Top of EXERCISE INPUTS

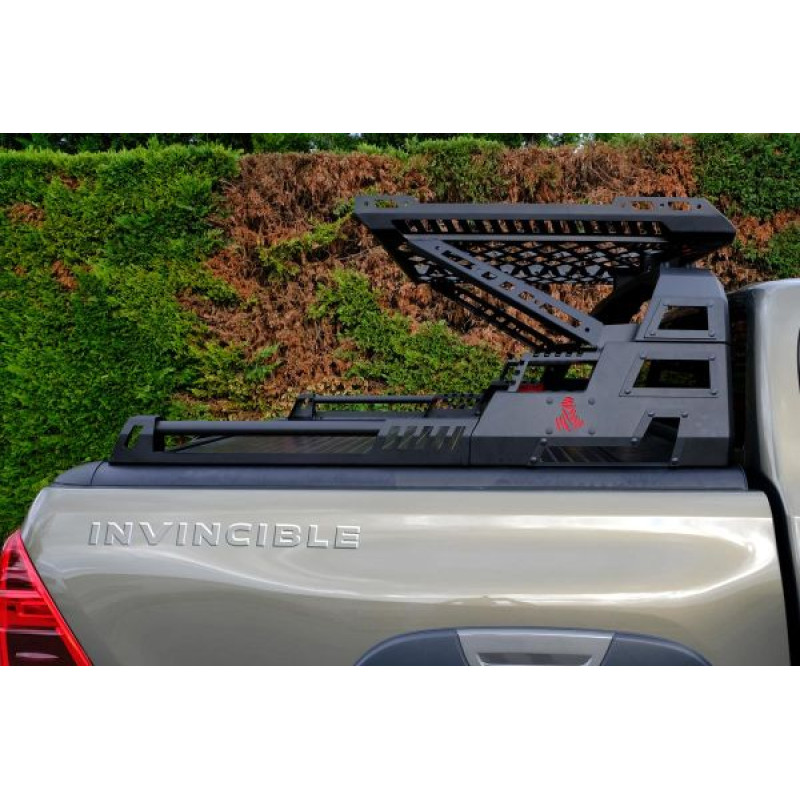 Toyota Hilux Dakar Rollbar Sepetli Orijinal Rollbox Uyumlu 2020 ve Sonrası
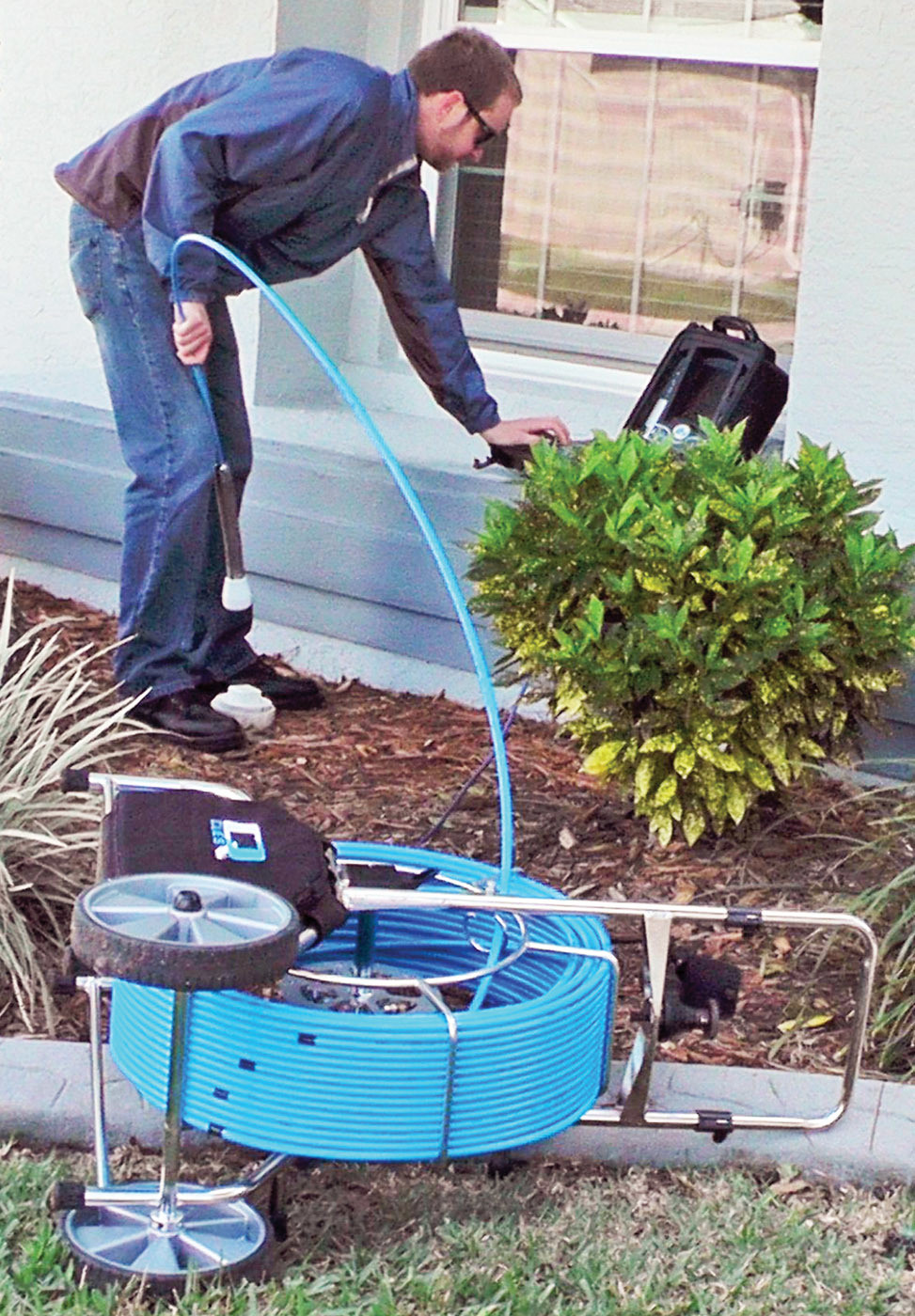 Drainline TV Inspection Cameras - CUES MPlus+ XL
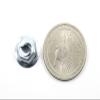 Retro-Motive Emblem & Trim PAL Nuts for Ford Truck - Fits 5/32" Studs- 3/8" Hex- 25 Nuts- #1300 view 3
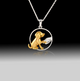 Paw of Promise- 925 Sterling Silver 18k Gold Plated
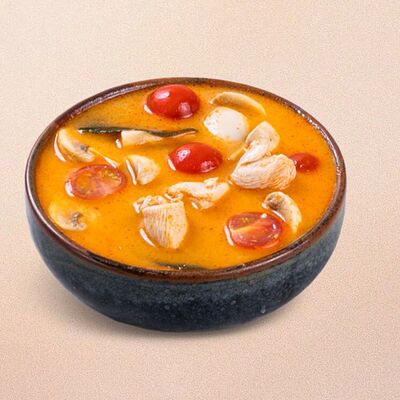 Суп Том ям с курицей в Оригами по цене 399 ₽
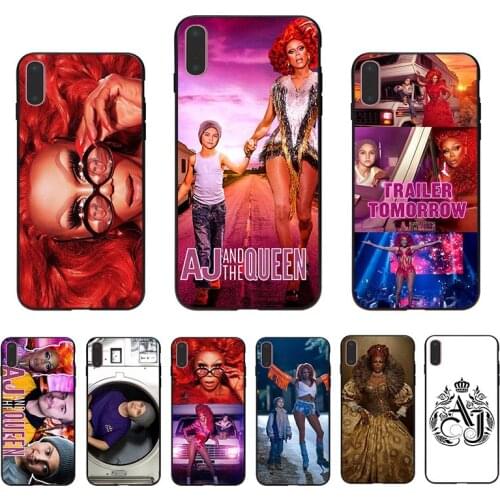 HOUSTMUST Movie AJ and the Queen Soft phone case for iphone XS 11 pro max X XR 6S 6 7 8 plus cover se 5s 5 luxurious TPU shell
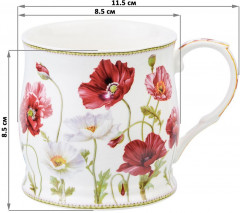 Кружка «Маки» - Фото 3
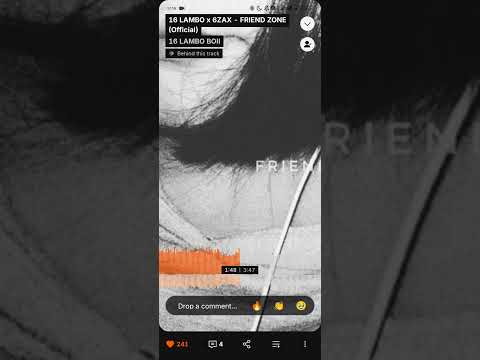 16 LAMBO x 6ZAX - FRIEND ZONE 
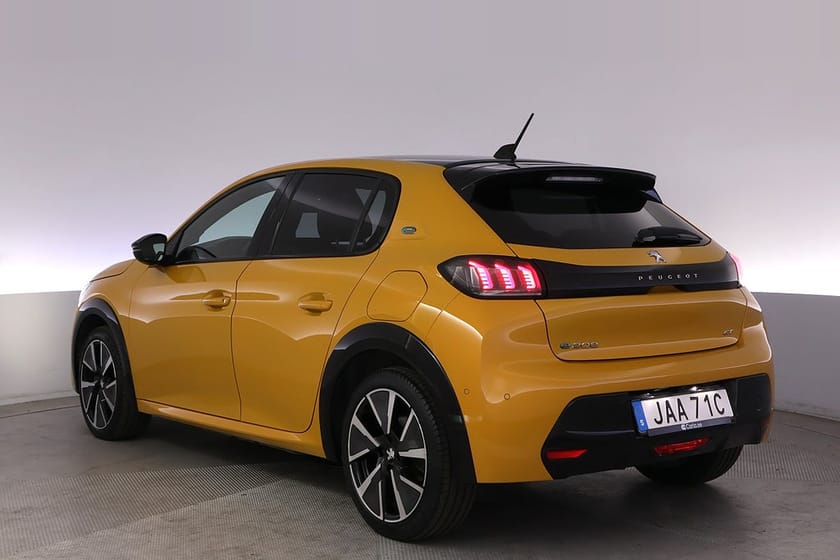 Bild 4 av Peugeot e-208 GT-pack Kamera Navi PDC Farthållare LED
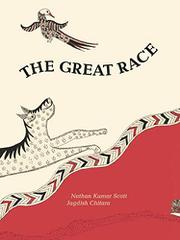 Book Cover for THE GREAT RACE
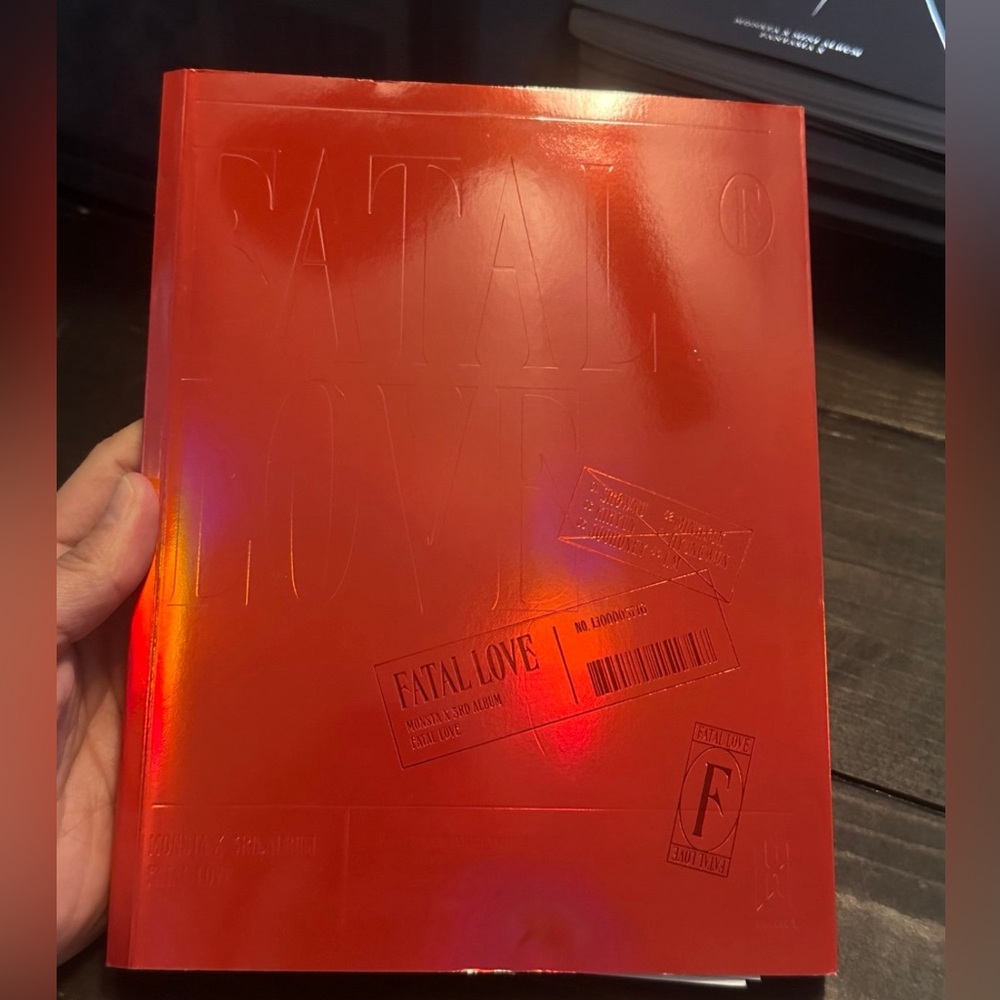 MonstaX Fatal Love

Bottom of EXERCISE INPUTS
Top of EXERCISE INPUTS

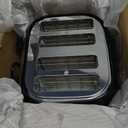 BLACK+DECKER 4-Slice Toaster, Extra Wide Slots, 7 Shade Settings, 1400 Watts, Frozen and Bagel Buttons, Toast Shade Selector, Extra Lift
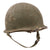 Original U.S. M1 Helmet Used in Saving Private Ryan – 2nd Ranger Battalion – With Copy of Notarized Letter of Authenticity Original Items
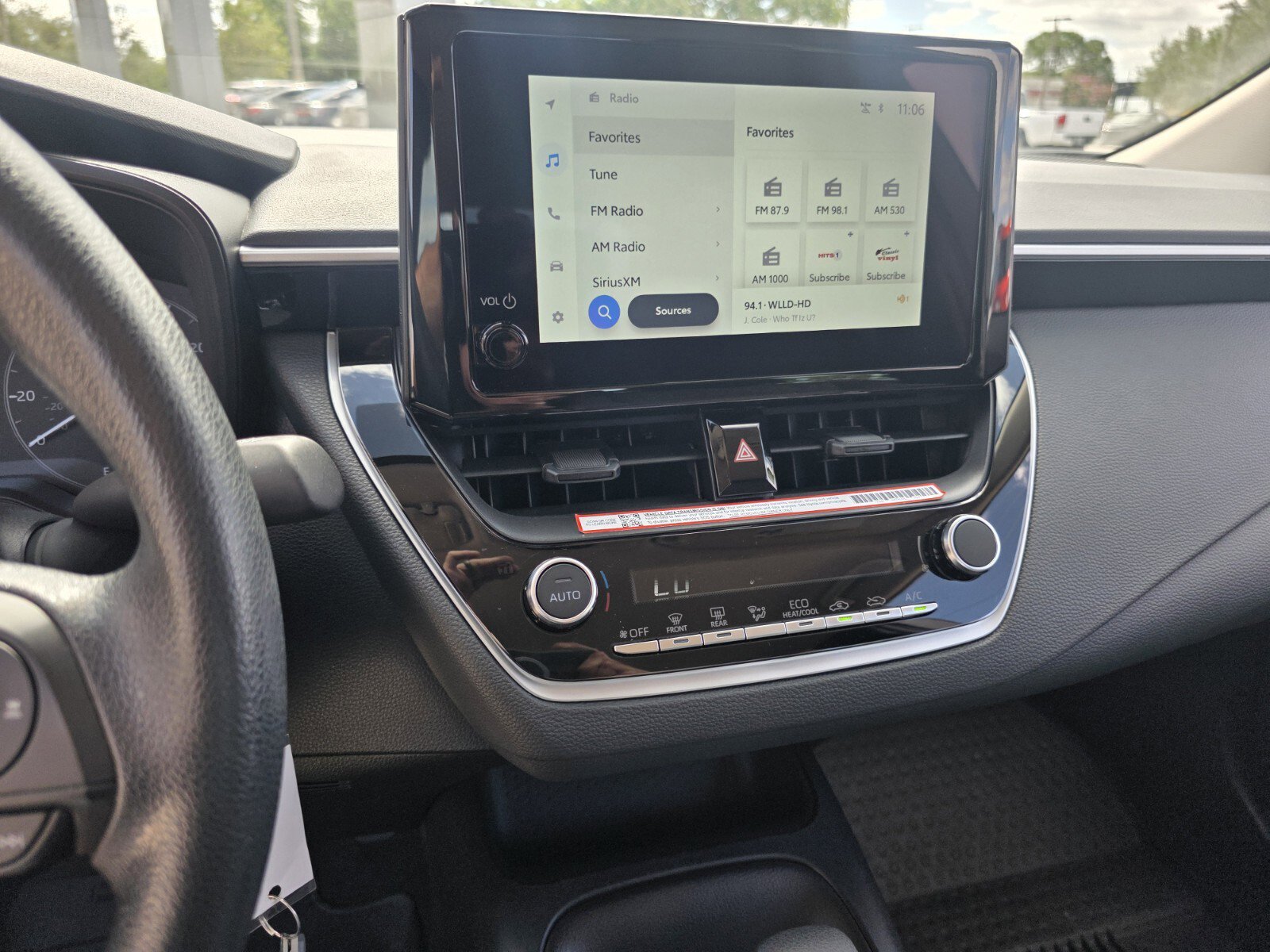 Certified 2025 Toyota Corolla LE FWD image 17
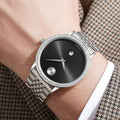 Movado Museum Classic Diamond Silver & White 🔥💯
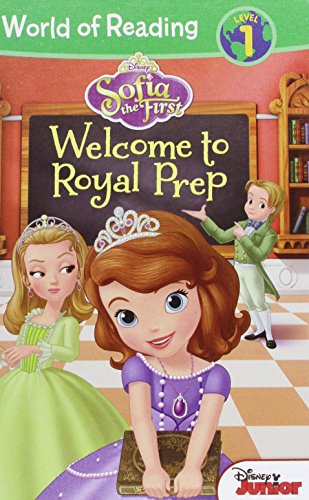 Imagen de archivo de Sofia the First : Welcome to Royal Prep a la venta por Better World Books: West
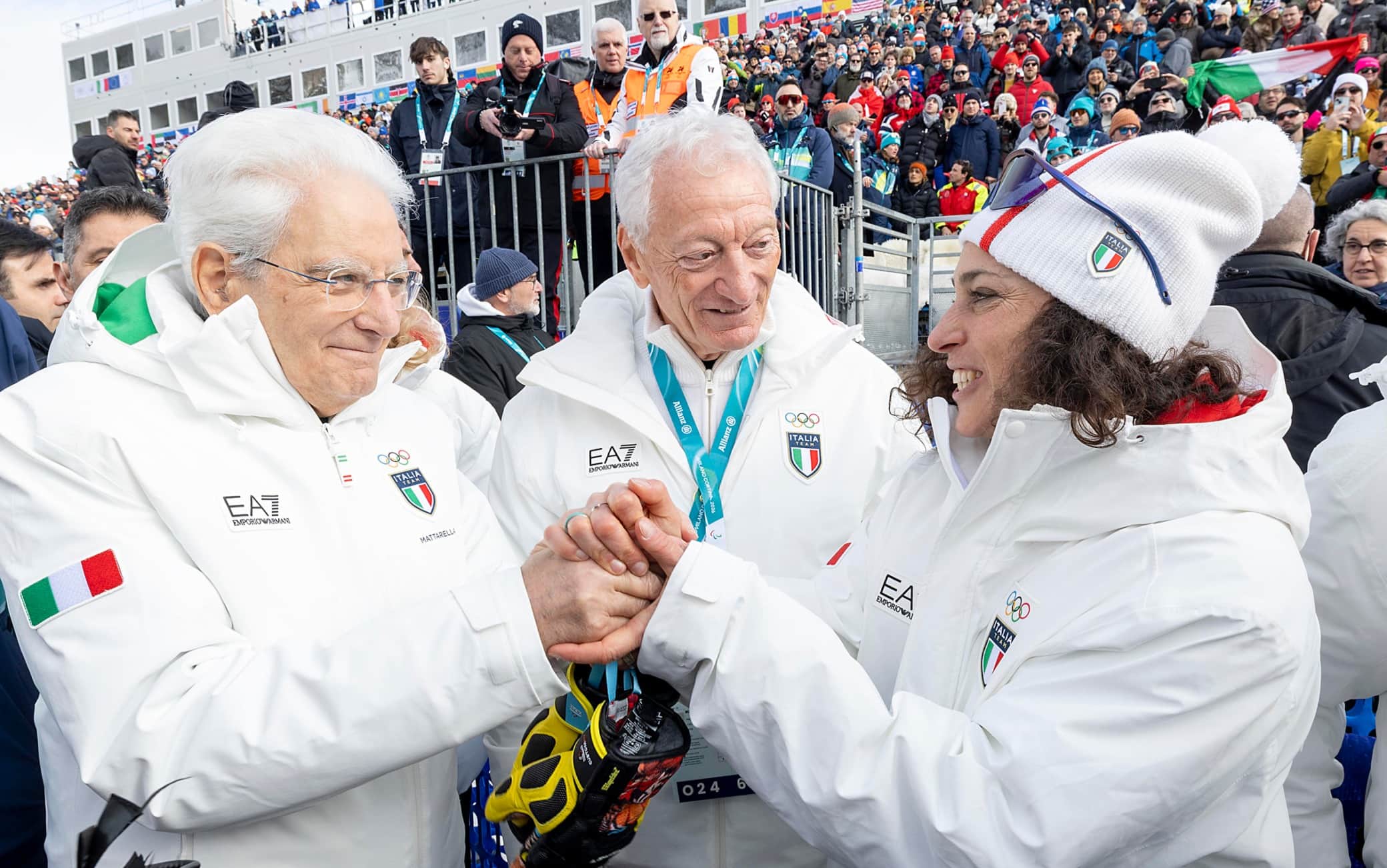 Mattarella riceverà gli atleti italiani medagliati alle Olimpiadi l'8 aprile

Bottom of EXERCISE INPUTS

#### HOW TO COMPLETE THIS TASK
Without the pictures, give again exactly the lines above starting at the line containing "Toyota Hilux Dakar" and ending at the line containing "16 LAMBO x 6ZAX - FRIEND ZONE".

#### COMPLETED TASK
 Toyota Hilux Dakar Rollbar Sepetli Orijinal Rollbox Uyumlu 2020 ve Sonrası
 Drainline TV Inspection Cameras - CUES MPlus+ XL
 Retro-Motive Emblem & Trim PAL Nuts for Ford Truck - Fits 5/32" Studs- 3/8" Hex- 25 Nuts- #1300 view 3
 Paw of Promise- 925 Sterling Silver 18k Gold Plated
 Суп Том ям с курицей в Оригами по цене 399 ₽
 HOUSTMUST Movie AJ and the Queen Soft phone case for iphone XS 11 pro max X XR 6S 6 7 8 plus cover se 5s 5 luxurious TPU shell
 Кружка «Маки» - Фото 3
 16 LAMBO x 6ZAX - FRIEND ZONE 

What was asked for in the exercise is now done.